Но сейчас Роэман этого, конечно, интеллигенту не скажет. Он просто хватает Фисюка за руку, за ладонь, и выпускает когти прямо тому в кожу.

— Ты меня слышишь, Фисюк, есть у тебя мокрушник? Я, что, зря к тебе тащился, ну, давай, я уверен, что есть…

— Не надо, не надо этого…, - Жан Карлович пытается высвободить свою руку из когтей, но Роэман держит крепко, кровь течёт и пачкает обоих. А Фисюк шипит:

— Не надо, отпустите…

Стоявший до этого неподвижно сынок Фисюка вдруг сделал к ним шаг, и мордашка его дегенеративная уже не растерянная, он уже папашку спасать собрался.

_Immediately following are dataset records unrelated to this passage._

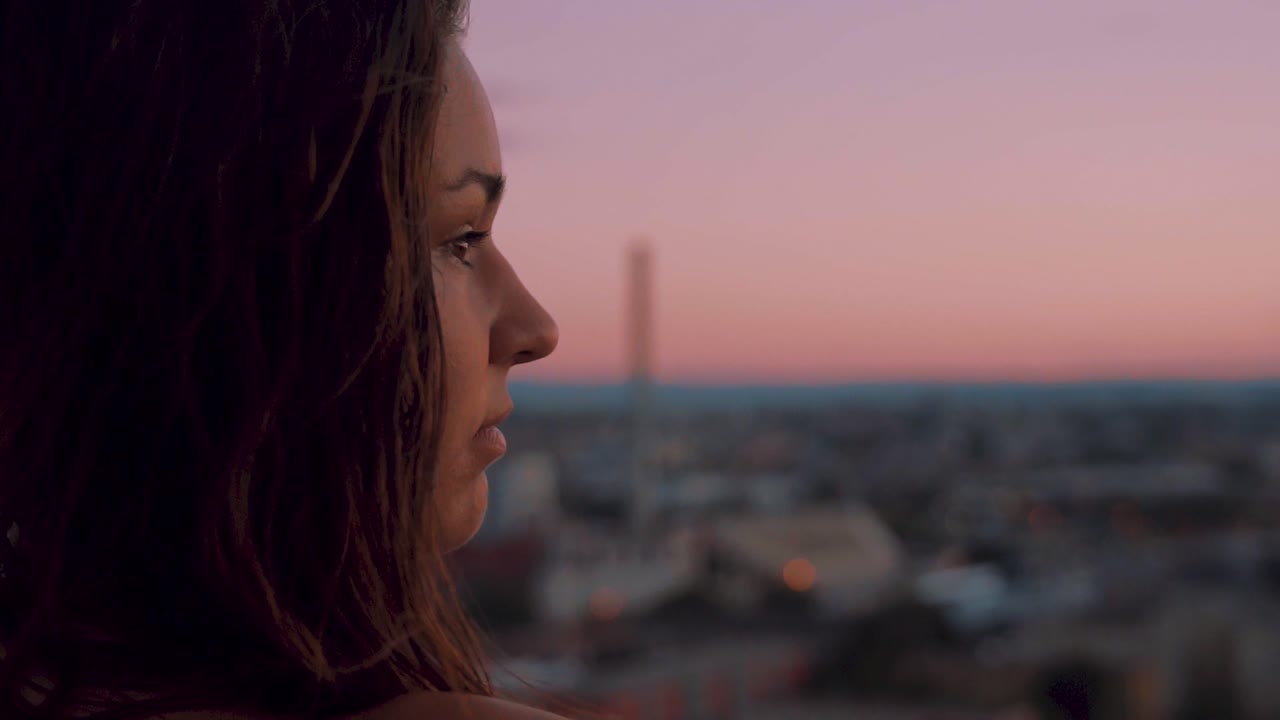 Dreamy Slow Motion of Young Female Watching Twilight Skyline Above European City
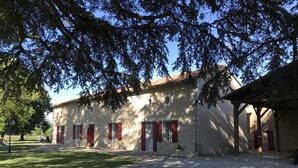 A building with a gravel driveway, red shutters, and a covered area to the right. - Les Cèdres - BLANZAY - Gîte (BLANZAY)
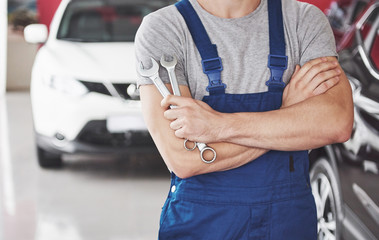 Hand of car mechanic with wrench. Auto repair garage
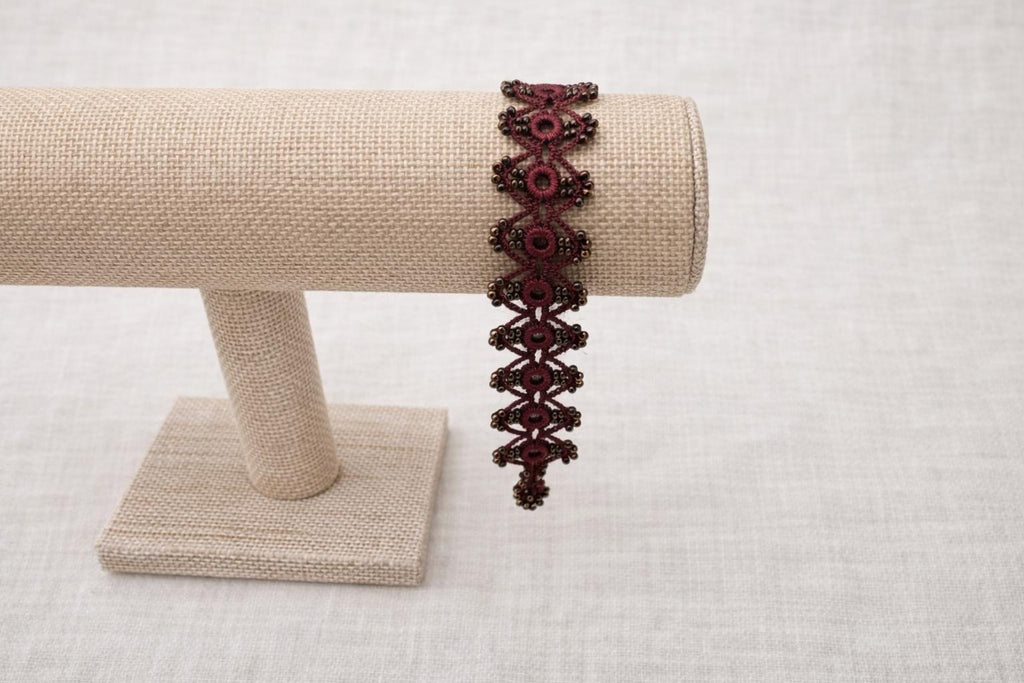 Delicate handmade crochet bracelet with beads and intricate weave. Burgundy.
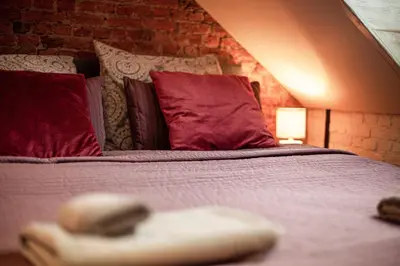 a bedroom with a bed with red pillows at Luxury Suites Historic Center by Rikas Hotels in Antwerp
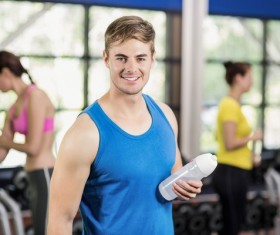 Young people working out in the gym Stock Photo 01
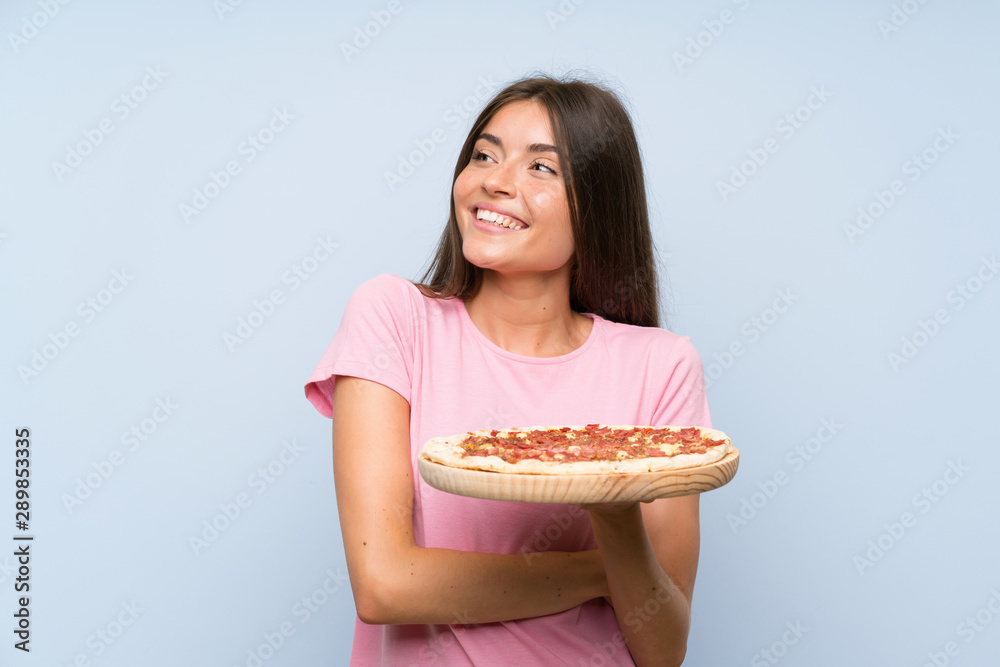 Pretty young girl holding a pizza over isolated blue wall looking up while smiling Pretty young girl holding a pizza over isolated blue wall looking up while smiling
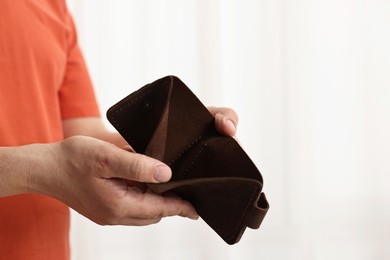 Photo of Man with empty wallet on blurred background, closeup. Space for text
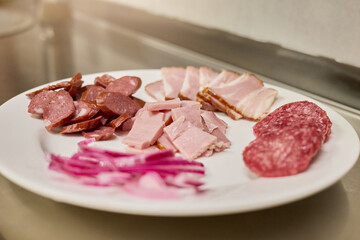 A variety of cold cuts including salami, ham, and bacon are arranged neatly on a white plate. Freshly sliced pickled onions add a pop of color, enhancing the appetizing display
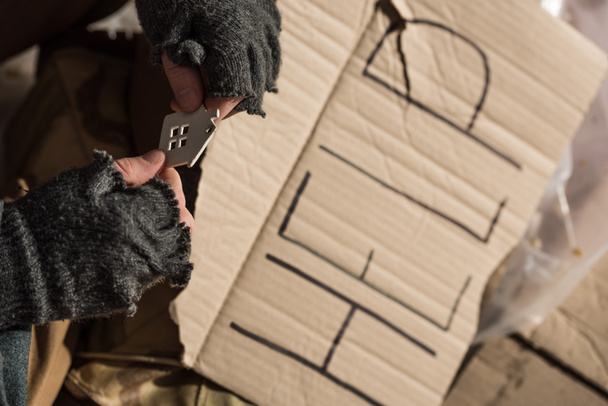 vue recadrée d'un sans-abri assis avec une carte en carton avec du texte manuscrit "à l'aide" et tenant une maison coupée en papier
 - Photo, image
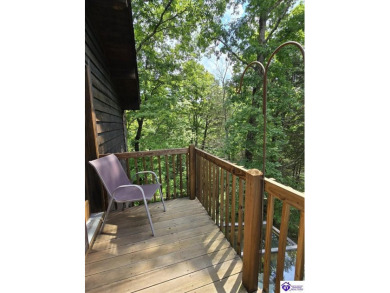 Discover this remarkable Lindal Cedar Home, thoughtfully crafted on Doe Valley Country Club in Kentucky - for sale on GolfHomes.com, golf home, golf lot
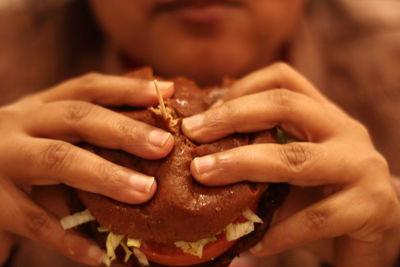 Cropped image of woman eating burger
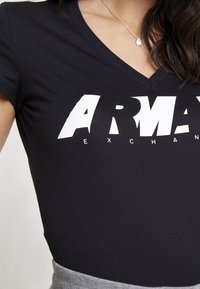 Černé V-šité tričko s velkým bílým nápisem "ARMANI EXCHANGE", které nosí osoba s dlouhými tmavými vlasy a stříbrným přívěskem na náhrdelníku.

— Стой на месте, недоделанный! — Виталий Леонидович поднимает руку в предупреждающем знаке. И сыночек останавливается, он ещё побаивается Роэмана, но вот долго ли это будет продолжаться?

— Зачем вы так? Ну зачем? — морщится Жан Карлович, и теперь в его глазах и намёка нет на усмешечки.

— Затем, что вы, интеллигенция, по-хорошему не понимаете, — отвечает ему Роэман холодно. — Давай мне своего мокрушника, Фисюк, давай, пока миром прошу.